The last hidden layer is connected to three neurons (one for each class of Mn) and activated via a softmax function (i.e. multinomial logistic regression) to draw a decision boundary to determine which class is likely present.

The predicted class probability \(p({y}_{k}|z,\theta )\) of the correct label yk given a set of parameters θ with an input spectrum feature vector z is shown below. This softmax function is the final layer in all of the neural architectures studied here and is a commonly used classification operation used in neural networks.

$$p({y}_{k}|z,\theta )=\frac{{e}^{{z}_{j}}}{{\sum }_{k=1}^{K}{e}^{{z}_{k}}}$$

Architecture – Convolutional and Dense Network

The second network can be considered to have two parts. The first part is used to perform automated feature extraction by using a convolutional neural network. The convolutional neural network is used to project the spectra onto a vector space that more clearly encodes discriminating differences between the classes. The second part is a densely connected neural network which uses these features to perform classification and to draw a decision boundary.

The feature extraction architecture is composed of 5 layers. Each feature extraction layer has first a 1D convolution, activation using a rectified linear unit (ReLU), followed by batch-normalization, then finally an average pooling layer (i.e. 2x averaged down-sampling).

Formally, the convolution in a convolutional graph network can be written as follows,

$${z}_{j}^{(L+1)}=(\sum _{k}{w}_{j}\,\ast \,{a}_{k}^{(L)})+{b}_{j}$$

where \({z}_{j}^{(L+1)}\) is the output in the hidden layer (L + 1) at neuron index j of that layer, receiving inputs from previous layer neurons indexed by k. The convolution kernel (also known as a filter) wj is of fixed length and slides across the previous layer activations \({a}_{k}^{(L)}\) at a stride of 1 to perform a sliding dot product. This is summed across all layer (L) neurons indexed by k before a bias term bj is added.

The input into each feature-extraction layer is convolved with a sliding (stride of 1) kernel of length 9, 7, 7, 5, or 3 for the 1st through 5th blocks respectively. The number of filters per block gradually expands from 2, 2, 4, 8 and 12 filters for the 1st through 5th blocks respectively. The premise behind architecture construction was to start with a large number of filters similar to VGG16 (which contains millions of free parameters), and shrink the network until validation and test set accuracies started significantly falling.
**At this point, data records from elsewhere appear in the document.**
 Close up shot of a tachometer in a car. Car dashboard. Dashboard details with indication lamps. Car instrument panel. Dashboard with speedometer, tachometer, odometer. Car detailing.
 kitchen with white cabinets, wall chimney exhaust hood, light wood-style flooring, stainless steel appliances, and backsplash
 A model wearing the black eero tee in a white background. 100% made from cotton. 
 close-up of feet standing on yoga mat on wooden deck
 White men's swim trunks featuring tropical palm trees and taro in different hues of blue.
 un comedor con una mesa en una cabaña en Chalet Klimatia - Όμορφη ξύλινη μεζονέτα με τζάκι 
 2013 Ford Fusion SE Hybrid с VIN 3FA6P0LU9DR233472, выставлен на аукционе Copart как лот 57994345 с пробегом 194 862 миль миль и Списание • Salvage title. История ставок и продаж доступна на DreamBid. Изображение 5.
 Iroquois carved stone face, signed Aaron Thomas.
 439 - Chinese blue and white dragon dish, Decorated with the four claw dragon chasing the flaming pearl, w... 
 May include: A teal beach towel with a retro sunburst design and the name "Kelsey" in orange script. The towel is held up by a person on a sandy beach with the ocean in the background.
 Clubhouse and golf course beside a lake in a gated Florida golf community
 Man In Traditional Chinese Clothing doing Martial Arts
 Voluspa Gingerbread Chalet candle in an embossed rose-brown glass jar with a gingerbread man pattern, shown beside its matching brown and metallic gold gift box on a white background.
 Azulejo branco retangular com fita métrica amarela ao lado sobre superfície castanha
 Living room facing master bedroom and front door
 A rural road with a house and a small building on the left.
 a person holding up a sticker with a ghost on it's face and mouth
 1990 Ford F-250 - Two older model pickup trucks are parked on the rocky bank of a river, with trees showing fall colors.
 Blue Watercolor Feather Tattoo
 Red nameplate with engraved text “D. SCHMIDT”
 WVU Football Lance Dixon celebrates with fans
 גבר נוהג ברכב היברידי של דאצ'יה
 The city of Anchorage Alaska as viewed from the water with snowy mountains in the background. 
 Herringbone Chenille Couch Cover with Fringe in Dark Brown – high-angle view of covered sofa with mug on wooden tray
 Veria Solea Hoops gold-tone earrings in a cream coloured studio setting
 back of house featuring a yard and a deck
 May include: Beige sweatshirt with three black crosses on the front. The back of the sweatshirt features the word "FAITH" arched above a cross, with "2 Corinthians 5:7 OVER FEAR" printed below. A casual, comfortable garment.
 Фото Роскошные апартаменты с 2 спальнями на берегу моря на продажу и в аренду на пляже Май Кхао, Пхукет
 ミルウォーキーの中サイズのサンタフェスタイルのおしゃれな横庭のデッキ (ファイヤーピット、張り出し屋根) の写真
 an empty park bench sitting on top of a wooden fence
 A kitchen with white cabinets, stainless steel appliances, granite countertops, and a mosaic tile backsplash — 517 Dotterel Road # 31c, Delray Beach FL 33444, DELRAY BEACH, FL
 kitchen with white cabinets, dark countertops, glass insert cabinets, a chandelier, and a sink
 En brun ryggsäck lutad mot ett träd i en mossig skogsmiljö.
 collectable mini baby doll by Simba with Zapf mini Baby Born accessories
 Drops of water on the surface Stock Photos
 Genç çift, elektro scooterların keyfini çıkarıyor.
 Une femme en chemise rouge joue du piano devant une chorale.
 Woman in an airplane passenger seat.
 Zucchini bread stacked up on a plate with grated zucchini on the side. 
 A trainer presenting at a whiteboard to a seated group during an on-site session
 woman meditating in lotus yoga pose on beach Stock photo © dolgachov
The output shape after the 5th feature extraction layer is 12 activations of size (6,1). These features are then flattened to (72,1) before being put into a dense neural network to perform classification.

Architecture – Fully Convolutional Neural Network

The most successful architecture studied here was the fully convolutional architecture which avoids using dense layers. It is comprised of the same feature extraction architecture as the network above to produce 12 vectors of size (6,1) as features. To perform classification on these features, a classification architecture was created similar to the dense-layer free architecture which have been used in recent architectures such as MobileNet, and SqueezeNet14,15. This style of classification architecture consists of: dropout, convolution (without non-linear activation), global average pooling and activation via softmax. A dropout rate of 0.8 (determined via 10-fold cross validation) was used to enforce a strict information bottleneck.

Three convolution filters (one per class) with a stride of 1 and kernel size of 1 are used to create a shape of 3 vectors of size (6,1). Each of the three vectors is then averaged into 1 number (i.e. global average pooling) to produce 1 number per filter. This value is then passed into the logistic regressor (softmax) function to convert it into predicted class probabilities to perform classification.

Computational Hardware and Software

Model training occurred on a GPU (GTX 1060, 6 GB video card RAM) and it took 3 seconds per epoch for 100 000 data augmented training spectra to be passed forward and backwards through the graph in batches of 2048. All neural network training was performed using Tensorflow and Keras in Python. A full description of dependencies and the training and testing scripts can be found in this repository on GitHub (https://github.com/MichaelChatzidakis/Mn_Classifier_CNNs). Data is available upon request.

Preprocessing

Every spectrum image was unzipped and appended to the same array per valence state using the Python library HyperSpy to open the Digital Micrograph .dm3 files. The EELS spectra were then spectrally cropped to a length of 300 histogram bins (dispersion of 0.1 eV/channel) near the Mn L2,3 core-loss edges so that only Mn L2,3 edge data was included. There were a total of 1273, 1342 and 1687 spectra for Mn2+, Mn3+ and Mn4+ respectively.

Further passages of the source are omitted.